Tell the Wind and Fire by Sarah Rees Brennan
Expected publication: April 5th 2016 by Clarion Books
Goodreads Summary: In a city divided between opulent luxury in the Light and fierce privations in the Dark, a determined young woman survives by guarding her secrets.
Lucie Manette was born in the Dark half of the city, but careful manipulations won her a home in the Light, celebrity status, and a rich, loving boyfriend. Now she just wants to keep her head down, but her boyfriend has a dark secret of his own—one involving an apparent stranger who is destitute and despised. Lucie alone knows the young men’s deadly connection, and even as the knowledge leads her to make a grave mistake, she can trust no one with the truth.
Blood and secrets alike spill out when revolution erupts. With both halves of the city burning, and mercy nowhere to be found, can Lucie save either boy—or herself?

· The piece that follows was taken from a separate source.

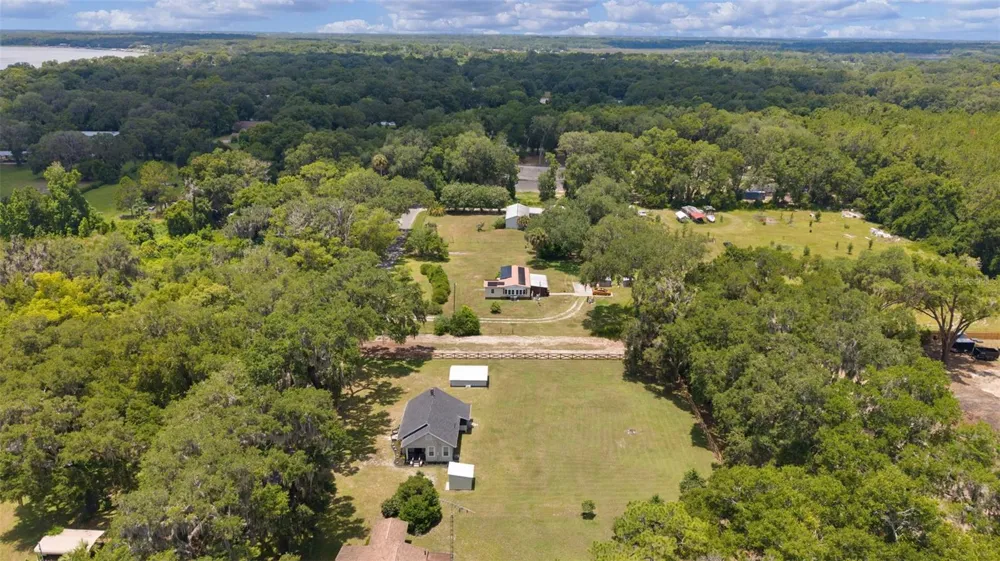 13281 SE 122ND PLACE Ocklawaha, FL 32179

Review: I received a copy of this ARC through NetGalley in exchange for an honest review. I had been telling myself that I wasn’t going to request any more ARCs for awhile so I had more time to read books that I owned but when I got an email from NetGalley saying there was a new ARC for a book by Sarah Rees Brennan, I couldn’t help myself. I had read her book, Unspoken, last year and loved it and her style of writing so I had to get this one. The book had me hooked right away from the beginning. The characters seemed interesting and I was completely intrigued by the author’s take on doppelgangers. The first couple of chapters were great and action packed but when the world building started coming into play things just got muddled and confusing. The city is New York City but it’s divided into the Light half and the Dark half. Dark magic wielders are basically imprisoned in the dark half of the city and not allowed into the light half unless they have a special pass. But light magic users also need the dark magic users because if they use too much of their magic they need to have their blood drained by the dark users. And in turn the dark users use that blood to fuel their own magic. Are you confused? Good, because I was too. The very last bit of the book was surprisingly good too. I thought that once I got to the confusing, and rather boring, middle section that the rest of the book was going to be just as bad. Did I love this book? No. Did I hate this book? No. It had its ups and downs so as a whole it was neither good nor bad. If you’re a fan of A Tale of Two Cities by Charles Dickens then you might be interested to read this because it is kind of a modern/magical retelling.